The long columns of warriors had lined the riverbank, waiting their turns to board the ferry and cross. From the far bank of the Thon-Thalas, they were about to begin their long march to the disputed lands, five hundred miles to the west. Their five thousand spears, swords, and longbows would prove an important addition to the Wildrunners.

Yet, for the first time in the history of Silvanesti, the elves had needed to be bribed into taking up arms for their Speaker, their nation. A hundred steel bounty, paid upon recruitment, had been offered as incentive. Even this had not brought volunteers flocking to the colors, though after several weeks of recruitment regiments of sufficient size had finally been raised. And then there had been the scene at the riverbank.

The cleric Miritelisina had just recently emerged from the cell where Sithas’s father, Sithel, had thrown her for treason a year earlier. The matriarch of the faith of Quenesti Pah, benign goddess of healing and health, Miritelisina had voiced loud objections to the war with the humans. She had had the audacity to lead a group of elven females in a shrill, hysterical protest against the conflict with Ergoth. It had been a sickening display, worthy more of humans than of elves. Yet the cleric had enjoyed a surprisingly large amount of support from the onlooking citizens of Silvanesti.

Sithas had promptly ordered Miritelisina back to prison, and his guard had disrupted the gathering with crisp efficiency. Several females had been wounded, one fatally. At the same time, one of the heavily laden river craft had overturned, drowning several newly recruited elves. All in all, these were bad omens.

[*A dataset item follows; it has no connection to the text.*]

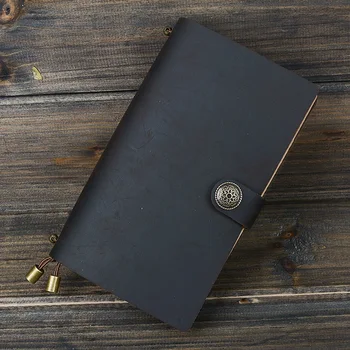 

Notebook Crazy-Horse Leather Diary Brown Retro Buckle Agenda 19.5X13Cm School Office Stationery Supplies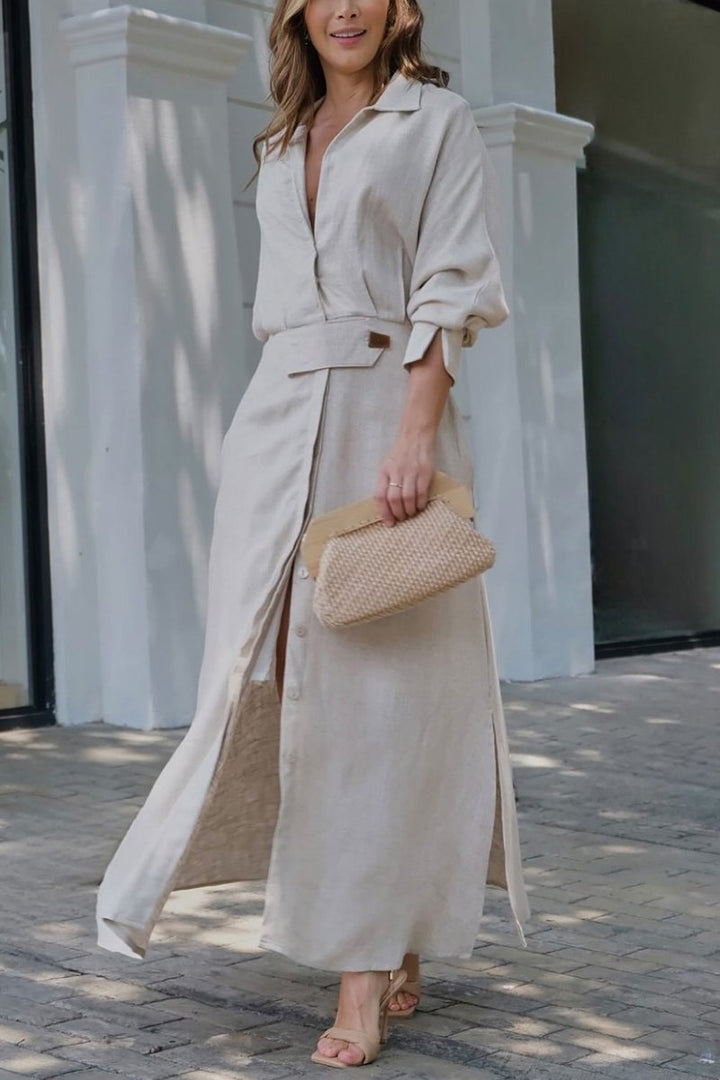 ELISABETTA | Elegant Maxidress with V-Neck and Flowing Cut for a Chic Summer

At least, the Speaker realized, the outbreak of war had driven the last humans from the city. The pathetic refugees of the troubles on the plains—many with elven spouses—had marched back to their homelands. Those who could fight had joined the Wildrunners, the army of Silvanost, centered around the members of the House Protectorate. The others had taken shelter in the great fortress of Sithelbec. Ironic, thought Sithas, that humans married to elves should be sheltered in an elven fortress, safe against the onslaught of human armies!

Still, in every other way, the city that Sithas loved seemed to be slipping further and further from his control.

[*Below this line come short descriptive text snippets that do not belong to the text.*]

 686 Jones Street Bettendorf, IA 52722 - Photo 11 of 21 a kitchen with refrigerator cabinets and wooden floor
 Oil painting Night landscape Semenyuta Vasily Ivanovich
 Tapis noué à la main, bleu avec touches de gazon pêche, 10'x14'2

His gaze lingered to the west, rising to the horizon, and he wished he could see beyond. Kith-Kanan was there somewhere under this same star-studded sky. His twin brother might even be looking eastward at this moment; at least, Sithas wanted to believe that he felt some contact.

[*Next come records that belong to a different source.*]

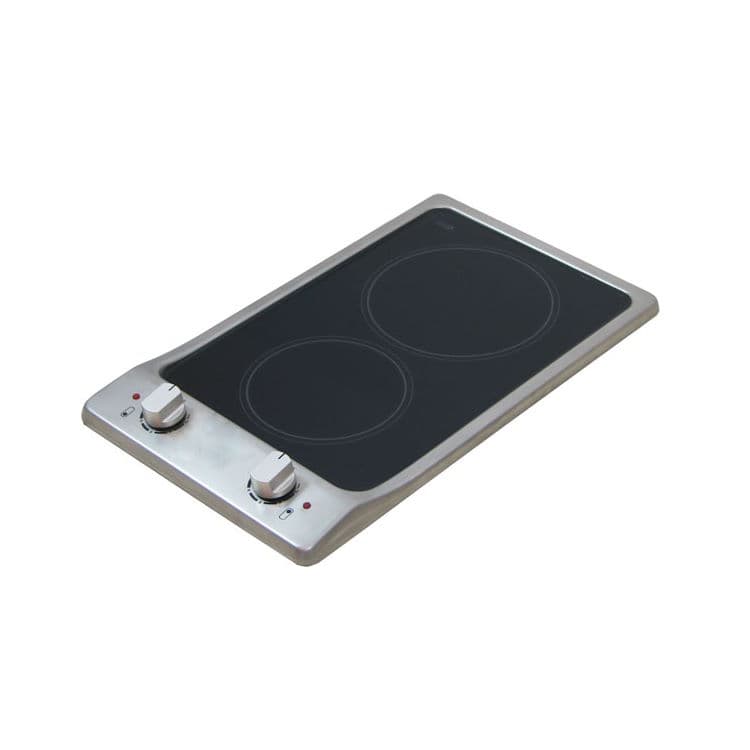 Kitchen Line Built-in Hob, Electric, Standard Switches, 2 Burners, Ceramic, ZP.V2004 - Silver Black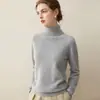 Suéter de cachemira pura 2026 otoño e invierno nuevo para mujer, cuello alto, camiseta básica, estilo suave, corte holgado, adelgazante, suéter grueso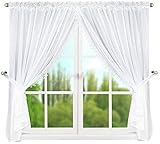 FKL DESIGN Home Deco Schöne Fertiggardine Weiss Fenstergardine Gardinen Wohnzimmer aus Voile mit Faltenband Gardinen Kräuselband Store Kurz Modern Fenster Weiß Gipüre LB-11-B 150 x 600 cm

For a moment, Sithas found himself wishing that his father still lived. How he missed Sithel’s wisdom, his steady counsel and firm guidance! Had his father ever known these doubts, these insecurities? The idea seemed impossible to the son. Sithel had been a pillar of strength and conviction. He would not have wavered in his pursuit of this war in the protection of the elven nation against outside corruption.

The purity of the elven race was a gift of the gods, with its longevity and its serene majesty. Now that purity was threatened—by human blood, to be sure, but also by ideas of intermingling, trade, artisanship, and social tolerance. The nation faced a very crucial time indeed. In the west, he knew, elves and humans had begun to intermarry with disturbing frequency, giving birth to a whole bastard race of half-elves.

By all the gods, it was an abomination, an affront to the heavens themselves!

Sithas felt his face flush, and his hands clenched. If he had worn a sword, he would have seized it then, so powerfully did the urge to fight come over him. The elves must prevail—they would prevail!

Again he felt his distance from the conflict, and it loomed as a yawning chasm of frustration before him. As yet they had received no word of battle, although he knew that nearly a month earlier, the great invasion had begun. His brother had reported three great human columns, all moving purposefully into the plainslands. Sithas wanted to go and fight himself, to lend his strength to winning the war, and it was all he could do to hold himself back. Inevitably his sense of reason prevailed.